By default, there is only one Coordinator instance.
Verify that this Coordinator is in state Ready
:
kubectl get pods -l app.kubernetes.io/name=coordinator
NAME READY STATUS RESTARTS AGE
coordinator-0 1/1 Running 0 11m
Next, we increase the number of instances to 3.
This will create additional Coordinator instances, one after another, as described in the Kubernetes documentation for StatefulSet
.
After some time, the additional Coordinators should enter the Ready
state, too.
kubectl scale statefulset/coordinator --replicas 3
kubectl wait statefulset/coordinator --for=jsonpath='{.status.readyReplicas}=3' --timeout=2m
kubectl get pods -l app.kubernetes.io/name=coordinator
statefulset.apps/coordinator scaled
statefulset.apps/coordinator condition met
NAME READY STATUS RESTARTS AGE
coordinator-0 1/1 Running 0 14m
coordinator-1 1/1 Running 0 107s
coordinator-2 1/1 Running 0 73s
You can now try deleting individual Coordinator pods, draining a node in a multi-node cluster, or scheduling a full rollout of the Coordinator. Availability of the Coordinator endpoint shouldn't be affected, and all Coordinator pods should automatically recover.
kubectl rollout restart statefulset/coordinator
kubectl rollout status statefulset/coordinator -w
kubectl get pods -l app.kubernetes.io/name=coordinator
statefulset.apps/coordinator restarted
Waiting for 1 pods to be ready...
Waiting for partitioned roll out to finish: 1 out of 3 new pods have been updated...
Waiting for 1 pods to be ready...
Waiting for 1 pods to be ready...
Waiting for 1 pods to be ready...
Waiting for partitioned roll out to finish: 2 out of 3 new pods have been updated...
Waiting for 1 pods to be ready...
Waiting for 1 pods to be ready...
Waiting for 1 pods to be ready...
partitioned roll out complete: 3 new pods have been updated...
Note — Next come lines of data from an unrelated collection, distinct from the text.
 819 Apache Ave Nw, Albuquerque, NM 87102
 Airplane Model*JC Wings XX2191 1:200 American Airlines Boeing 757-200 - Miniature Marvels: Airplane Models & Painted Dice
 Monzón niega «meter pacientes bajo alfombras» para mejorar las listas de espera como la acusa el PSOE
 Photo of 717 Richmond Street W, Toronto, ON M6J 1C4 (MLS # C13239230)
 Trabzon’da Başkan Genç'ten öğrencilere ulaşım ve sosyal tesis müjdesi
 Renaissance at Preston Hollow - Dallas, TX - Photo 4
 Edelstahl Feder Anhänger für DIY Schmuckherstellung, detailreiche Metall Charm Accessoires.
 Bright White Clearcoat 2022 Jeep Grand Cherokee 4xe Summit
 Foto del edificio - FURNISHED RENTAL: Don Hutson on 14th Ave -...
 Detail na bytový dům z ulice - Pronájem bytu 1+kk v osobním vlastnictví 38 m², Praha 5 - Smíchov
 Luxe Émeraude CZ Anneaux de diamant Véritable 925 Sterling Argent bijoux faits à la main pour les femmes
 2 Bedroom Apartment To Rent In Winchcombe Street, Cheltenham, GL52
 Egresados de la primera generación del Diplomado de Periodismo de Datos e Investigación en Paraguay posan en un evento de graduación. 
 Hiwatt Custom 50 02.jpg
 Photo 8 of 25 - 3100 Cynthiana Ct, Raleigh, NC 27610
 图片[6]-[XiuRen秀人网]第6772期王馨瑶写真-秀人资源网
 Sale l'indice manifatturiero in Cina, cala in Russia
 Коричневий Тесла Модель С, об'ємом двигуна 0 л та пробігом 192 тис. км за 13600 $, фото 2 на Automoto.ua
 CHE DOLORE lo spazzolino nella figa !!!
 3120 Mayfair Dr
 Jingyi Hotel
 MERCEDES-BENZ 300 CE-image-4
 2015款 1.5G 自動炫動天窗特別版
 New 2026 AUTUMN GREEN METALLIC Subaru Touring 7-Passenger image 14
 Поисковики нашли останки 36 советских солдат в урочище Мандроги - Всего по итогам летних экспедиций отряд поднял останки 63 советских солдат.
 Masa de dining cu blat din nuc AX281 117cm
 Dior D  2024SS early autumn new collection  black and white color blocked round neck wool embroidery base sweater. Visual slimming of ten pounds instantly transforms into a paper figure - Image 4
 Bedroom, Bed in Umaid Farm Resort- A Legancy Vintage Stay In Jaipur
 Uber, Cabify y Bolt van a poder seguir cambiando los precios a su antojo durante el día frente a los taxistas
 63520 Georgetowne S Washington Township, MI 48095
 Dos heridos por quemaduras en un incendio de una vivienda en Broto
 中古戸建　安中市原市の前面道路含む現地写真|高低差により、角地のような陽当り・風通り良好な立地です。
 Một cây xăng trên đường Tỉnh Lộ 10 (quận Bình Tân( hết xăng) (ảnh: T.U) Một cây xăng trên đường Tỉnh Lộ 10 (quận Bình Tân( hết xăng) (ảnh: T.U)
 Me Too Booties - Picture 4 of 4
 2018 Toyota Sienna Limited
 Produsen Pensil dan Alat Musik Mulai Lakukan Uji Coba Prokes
NAME READY STATUS RESTARTS AGE
coordinator-0 1/1 Running 0 41s
coordinator-1 1/1 Running 0 71s
coordinator-2 1/1 Running 0 99s
How it works
Newly started (or restarted) Coordinator instances try to recover from other Coordinator instances in the cluster.
As long as a single Coordinator is initialized, the other instances eventually recover from it.
StatefulSet
semantics guarantee that Coordinator pods are started predictably, and only after all existing Coordinators are recovered.